◆ The problem: In the listing below, find the line with "Double Room - Photo 6" and the line with "2020 Chadwell Overlook Dr, Madison, TN 37115". Repeat those two lines and all lines between them exactly.
Material shown Block Start
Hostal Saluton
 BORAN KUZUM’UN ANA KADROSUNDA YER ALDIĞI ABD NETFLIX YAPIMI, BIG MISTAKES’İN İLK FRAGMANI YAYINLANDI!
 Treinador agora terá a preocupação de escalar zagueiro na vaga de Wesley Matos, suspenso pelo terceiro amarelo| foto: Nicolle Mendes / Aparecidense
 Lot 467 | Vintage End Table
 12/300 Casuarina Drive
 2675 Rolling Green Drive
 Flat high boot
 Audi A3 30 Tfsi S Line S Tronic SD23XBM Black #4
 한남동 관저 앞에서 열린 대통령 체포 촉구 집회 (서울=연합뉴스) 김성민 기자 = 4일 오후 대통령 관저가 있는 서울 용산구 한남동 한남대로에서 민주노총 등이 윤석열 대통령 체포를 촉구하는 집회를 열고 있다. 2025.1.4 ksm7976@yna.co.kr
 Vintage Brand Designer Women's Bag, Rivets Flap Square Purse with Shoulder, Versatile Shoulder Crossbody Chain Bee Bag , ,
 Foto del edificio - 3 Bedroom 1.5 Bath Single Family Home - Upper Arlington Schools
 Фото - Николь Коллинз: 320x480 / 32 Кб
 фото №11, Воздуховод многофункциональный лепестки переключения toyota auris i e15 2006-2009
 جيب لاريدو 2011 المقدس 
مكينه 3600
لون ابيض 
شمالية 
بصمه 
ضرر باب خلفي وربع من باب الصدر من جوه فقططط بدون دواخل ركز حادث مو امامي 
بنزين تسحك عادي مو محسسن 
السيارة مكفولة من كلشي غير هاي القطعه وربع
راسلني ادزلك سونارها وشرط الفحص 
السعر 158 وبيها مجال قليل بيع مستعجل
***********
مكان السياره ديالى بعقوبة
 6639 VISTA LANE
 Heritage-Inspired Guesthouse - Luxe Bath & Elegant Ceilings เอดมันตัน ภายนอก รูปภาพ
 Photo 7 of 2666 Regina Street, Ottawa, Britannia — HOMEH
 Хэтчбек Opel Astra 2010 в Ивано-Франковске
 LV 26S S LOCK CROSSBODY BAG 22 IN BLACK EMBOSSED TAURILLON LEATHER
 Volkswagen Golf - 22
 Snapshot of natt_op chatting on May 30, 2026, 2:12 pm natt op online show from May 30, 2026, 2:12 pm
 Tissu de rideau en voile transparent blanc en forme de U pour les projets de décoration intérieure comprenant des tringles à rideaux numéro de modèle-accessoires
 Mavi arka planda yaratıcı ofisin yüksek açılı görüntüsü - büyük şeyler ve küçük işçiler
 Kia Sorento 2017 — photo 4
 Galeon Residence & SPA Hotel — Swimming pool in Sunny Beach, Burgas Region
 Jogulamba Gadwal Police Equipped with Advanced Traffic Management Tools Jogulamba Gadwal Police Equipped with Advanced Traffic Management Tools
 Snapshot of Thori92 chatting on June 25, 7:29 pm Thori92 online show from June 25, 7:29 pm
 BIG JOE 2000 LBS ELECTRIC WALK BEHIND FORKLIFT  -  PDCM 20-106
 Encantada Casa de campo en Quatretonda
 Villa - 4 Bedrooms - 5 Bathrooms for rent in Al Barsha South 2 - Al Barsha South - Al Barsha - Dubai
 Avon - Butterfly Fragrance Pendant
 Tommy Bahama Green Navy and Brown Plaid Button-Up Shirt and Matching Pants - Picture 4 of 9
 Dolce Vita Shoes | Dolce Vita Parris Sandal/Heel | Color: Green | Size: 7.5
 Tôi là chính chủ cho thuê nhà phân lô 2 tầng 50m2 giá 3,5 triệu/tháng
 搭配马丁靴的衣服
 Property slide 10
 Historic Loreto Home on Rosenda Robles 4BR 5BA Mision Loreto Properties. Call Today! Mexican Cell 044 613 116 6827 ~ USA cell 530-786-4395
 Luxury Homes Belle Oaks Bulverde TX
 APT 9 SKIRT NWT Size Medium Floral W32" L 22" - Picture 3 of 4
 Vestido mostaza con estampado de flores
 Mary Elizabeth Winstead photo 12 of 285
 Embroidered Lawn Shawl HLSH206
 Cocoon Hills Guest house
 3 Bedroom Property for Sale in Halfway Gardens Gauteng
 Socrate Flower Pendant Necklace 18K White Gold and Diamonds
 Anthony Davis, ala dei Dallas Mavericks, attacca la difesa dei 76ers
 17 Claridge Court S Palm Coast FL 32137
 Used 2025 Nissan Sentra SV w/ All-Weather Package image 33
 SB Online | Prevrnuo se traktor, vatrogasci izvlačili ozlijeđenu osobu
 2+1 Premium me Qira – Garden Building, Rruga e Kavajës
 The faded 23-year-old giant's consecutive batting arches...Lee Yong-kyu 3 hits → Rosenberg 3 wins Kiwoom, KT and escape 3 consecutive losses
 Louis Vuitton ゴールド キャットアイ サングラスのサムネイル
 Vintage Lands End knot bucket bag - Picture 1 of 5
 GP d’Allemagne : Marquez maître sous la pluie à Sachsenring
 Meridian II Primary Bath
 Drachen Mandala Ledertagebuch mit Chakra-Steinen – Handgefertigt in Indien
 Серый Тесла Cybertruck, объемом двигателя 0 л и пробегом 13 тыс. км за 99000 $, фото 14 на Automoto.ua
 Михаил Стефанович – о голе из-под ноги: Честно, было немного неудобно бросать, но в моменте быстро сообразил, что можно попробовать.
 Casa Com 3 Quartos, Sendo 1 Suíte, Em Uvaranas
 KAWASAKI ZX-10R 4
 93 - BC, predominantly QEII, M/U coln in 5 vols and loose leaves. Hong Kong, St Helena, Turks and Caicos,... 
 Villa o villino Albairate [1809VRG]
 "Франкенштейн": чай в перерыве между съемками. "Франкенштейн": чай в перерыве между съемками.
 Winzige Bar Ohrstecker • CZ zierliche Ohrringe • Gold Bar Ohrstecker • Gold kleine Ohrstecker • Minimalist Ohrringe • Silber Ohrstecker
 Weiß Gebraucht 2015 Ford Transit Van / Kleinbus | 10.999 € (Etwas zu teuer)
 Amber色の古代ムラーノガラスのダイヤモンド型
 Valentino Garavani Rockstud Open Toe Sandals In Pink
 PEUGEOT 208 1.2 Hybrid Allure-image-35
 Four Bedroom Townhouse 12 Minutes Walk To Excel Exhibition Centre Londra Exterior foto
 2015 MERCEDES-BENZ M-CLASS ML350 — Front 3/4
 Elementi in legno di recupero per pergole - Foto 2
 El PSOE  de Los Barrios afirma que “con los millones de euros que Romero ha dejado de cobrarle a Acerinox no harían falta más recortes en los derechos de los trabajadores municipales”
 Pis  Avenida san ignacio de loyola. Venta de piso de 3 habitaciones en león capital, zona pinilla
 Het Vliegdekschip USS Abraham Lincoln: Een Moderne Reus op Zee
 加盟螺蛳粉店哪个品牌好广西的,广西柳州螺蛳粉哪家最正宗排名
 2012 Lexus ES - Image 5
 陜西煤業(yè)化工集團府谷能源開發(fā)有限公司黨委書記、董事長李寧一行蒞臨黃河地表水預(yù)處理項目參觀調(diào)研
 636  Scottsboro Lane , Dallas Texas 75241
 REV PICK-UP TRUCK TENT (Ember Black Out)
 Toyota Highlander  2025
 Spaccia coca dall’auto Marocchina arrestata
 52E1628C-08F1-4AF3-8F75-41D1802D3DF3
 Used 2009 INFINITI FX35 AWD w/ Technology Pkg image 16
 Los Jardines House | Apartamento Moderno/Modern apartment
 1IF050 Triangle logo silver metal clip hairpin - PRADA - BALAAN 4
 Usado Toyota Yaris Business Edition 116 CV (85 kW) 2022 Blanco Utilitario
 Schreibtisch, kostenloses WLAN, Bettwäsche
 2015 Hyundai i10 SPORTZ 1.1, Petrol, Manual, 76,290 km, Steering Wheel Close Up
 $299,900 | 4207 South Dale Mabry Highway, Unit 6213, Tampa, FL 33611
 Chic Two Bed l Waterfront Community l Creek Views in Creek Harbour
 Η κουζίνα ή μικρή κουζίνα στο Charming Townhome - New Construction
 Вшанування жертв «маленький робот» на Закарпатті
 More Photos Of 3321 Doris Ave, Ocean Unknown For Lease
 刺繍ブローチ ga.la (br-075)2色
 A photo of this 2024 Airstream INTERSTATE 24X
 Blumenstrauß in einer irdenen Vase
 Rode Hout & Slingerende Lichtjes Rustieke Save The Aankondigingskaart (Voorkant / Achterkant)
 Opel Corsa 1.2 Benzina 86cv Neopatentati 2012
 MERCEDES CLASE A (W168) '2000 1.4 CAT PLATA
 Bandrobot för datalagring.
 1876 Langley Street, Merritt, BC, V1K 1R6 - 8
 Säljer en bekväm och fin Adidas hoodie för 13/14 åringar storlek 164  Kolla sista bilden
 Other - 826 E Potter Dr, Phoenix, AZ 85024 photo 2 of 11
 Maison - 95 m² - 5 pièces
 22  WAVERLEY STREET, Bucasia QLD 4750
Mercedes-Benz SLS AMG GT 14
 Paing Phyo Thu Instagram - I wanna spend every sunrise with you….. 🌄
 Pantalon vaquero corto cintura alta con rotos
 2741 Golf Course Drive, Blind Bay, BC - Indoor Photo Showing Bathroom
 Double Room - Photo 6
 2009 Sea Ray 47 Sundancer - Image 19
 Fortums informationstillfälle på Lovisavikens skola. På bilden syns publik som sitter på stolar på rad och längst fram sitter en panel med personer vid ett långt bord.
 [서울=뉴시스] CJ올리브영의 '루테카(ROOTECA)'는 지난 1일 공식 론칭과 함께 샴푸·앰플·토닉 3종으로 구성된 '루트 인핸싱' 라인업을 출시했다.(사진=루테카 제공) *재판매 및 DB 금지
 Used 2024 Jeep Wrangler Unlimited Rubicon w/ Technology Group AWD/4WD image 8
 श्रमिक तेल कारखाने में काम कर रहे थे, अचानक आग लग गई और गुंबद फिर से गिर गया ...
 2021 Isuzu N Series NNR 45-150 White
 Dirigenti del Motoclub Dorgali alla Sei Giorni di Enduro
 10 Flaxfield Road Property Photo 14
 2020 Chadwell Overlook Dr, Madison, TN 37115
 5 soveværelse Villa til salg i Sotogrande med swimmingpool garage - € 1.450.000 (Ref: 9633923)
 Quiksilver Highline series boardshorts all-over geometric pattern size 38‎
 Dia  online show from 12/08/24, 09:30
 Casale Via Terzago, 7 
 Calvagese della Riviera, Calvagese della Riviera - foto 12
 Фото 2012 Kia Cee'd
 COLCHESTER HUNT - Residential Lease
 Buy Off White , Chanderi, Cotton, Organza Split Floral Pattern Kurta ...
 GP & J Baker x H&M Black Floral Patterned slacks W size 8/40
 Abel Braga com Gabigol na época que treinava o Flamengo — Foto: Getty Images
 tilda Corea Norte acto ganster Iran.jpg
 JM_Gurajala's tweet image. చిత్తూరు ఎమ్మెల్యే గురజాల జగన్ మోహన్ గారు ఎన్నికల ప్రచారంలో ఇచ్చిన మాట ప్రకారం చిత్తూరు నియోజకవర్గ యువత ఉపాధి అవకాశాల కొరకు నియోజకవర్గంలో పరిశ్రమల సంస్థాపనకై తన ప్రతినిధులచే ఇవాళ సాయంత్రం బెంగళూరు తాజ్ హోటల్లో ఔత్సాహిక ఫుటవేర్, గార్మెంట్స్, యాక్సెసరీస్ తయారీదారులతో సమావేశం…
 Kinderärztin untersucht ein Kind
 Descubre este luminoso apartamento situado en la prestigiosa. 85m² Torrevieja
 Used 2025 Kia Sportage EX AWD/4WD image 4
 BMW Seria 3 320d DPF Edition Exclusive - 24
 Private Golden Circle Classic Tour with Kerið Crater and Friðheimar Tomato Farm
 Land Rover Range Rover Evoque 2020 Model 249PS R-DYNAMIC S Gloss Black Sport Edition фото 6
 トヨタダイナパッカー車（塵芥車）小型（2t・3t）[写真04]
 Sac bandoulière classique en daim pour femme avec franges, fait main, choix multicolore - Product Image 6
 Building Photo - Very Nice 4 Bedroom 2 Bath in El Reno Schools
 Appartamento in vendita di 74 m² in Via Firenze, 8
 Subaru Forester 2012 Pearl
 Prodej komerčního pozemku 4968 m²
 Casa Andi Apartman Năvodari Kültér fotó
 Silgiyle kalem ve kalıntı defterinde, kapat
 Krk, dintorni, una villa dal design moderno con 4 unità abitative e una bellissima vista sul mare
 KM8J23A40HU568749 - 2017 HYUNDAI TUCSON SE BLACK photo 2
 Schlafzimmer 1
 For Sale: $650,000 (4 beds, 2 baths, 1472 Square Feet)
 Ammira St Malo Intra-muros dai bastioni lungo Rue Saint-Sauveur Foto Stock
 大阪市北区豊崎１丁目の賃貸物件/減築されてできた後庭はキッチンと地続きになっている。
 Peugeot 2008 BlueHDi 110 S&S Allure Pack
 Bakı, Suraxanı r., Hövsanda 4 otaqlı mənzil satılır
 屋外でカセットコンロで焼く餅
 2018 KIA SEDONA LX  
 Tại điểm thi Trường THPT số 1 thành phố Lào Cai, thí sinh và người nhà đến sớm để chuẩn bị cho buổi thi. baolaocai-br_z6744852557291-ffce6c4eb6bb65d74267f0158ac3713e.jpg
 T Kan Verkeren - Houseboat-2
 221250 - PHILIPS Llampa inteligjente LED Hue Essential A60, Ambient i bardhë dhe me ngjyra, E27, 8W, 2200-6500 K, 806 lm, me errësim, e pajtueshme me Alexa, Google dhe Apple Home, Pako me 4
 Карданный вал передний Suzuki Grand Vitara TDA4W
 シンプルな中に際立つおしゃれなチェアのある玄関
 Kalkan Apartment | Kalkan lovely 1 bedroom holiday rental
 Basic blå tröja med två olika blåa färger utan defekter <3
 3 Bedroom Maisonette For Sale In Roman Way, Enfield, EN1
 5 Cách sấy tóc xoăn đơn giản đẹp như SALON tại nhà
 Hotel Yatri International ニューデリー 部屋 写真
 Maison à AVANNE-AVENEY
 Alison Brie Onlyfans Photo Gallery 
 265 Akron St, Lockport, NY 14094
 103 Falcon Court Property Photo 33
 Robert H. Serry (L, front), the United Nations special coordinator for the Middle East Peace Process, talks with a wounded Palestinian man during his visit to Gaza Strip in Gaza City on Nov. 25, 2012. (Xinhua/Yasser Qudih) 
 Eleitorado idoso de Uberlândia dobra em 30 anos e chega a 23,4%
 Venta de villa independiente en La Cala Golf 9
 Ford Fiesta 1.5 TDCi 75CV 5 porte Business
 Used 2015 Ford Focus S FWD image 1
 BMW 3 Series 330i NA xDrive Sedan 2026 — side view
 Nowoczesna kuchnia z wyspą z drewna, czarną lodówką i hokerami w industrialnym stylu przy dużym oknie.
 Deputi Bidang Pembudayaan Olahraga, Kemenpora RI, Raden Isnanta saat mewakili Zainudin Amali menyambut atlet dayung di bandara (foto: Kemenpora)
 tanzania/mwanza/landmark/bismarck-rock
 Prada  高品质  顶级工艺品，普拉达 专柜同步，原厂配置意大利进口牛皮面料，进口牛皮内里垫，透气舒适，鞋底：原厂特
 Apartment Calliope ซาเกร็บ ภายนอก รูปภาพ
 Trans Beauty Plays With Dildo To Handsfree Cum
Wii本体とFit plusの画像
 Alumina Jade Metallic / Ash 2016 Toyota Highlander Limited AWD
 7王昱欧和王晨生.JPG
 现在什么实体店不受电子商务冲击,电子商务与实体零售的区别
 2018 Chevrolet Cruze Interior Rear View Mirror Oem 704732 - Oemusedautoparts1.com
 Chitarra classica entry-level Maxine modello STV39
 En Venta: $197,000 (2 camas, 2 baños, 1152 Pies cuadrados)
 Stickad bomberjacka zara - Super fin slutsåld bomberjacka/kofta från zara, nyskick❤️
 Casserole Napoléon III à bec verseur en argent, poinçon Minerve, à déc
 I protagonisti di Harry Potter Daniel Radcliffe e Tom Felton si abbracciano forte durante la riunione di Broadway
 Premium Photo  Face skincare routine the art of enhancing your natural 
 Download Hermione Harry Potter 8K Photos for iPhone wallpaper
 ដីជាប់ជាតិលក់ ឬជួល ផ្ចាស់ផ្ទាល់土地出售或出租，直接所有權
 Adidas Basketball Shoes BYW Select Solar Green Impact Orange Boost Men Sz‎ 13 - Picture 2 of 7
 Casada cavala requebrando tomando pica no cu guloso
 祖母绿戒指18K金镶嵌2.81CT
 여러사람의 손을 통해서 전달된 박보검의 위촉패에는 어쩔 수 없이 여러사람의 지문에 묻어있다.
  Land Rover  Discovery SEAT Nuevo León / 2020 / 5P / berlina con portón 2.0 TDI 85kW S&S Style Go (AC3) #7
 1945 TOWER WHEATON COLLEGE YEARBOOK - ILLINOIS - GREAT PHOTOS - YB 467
Material shown Block End
◆ Result for this task:
 Double Room - Photo 6
 2009 Sea Ray 47 Sundancer - Image 19
 Fortums informationstillfälle på Lovisavikens skola. På bilden syns publik som sitter på stolar på rad och längst fram sitter en panel med personer vid ett långt bord.
 [서울=뉴시스] CJ올리브영의 '루테카(ROOTECA)'는 지난 1일 공식 론칭과 함께 샴푸·앰플·토닉 3종으로 구성된 '루트 인핸싱' 라인업을 출시했다.(사진=루테카 제공) *재판매 및 DB 금지
 Used 2024 Jeep Wrangler Unlimited Rubicon w/ Technology Group AWD/4WD image 8
 श्रमिक तेल कारखाने में काम कर रहे थे, अचानक आग लग गई और गुंबद फिर से गिर गया ...
 2021 Isuzu N Series NNR 45-150 White
 Dirigenti del Motoclub Dorgali alla Sei Giorni di Enduro
 10 Flaxfield Road Property Photo 14
 2020 Chadwell Overlook Dr, Madison, TN 37115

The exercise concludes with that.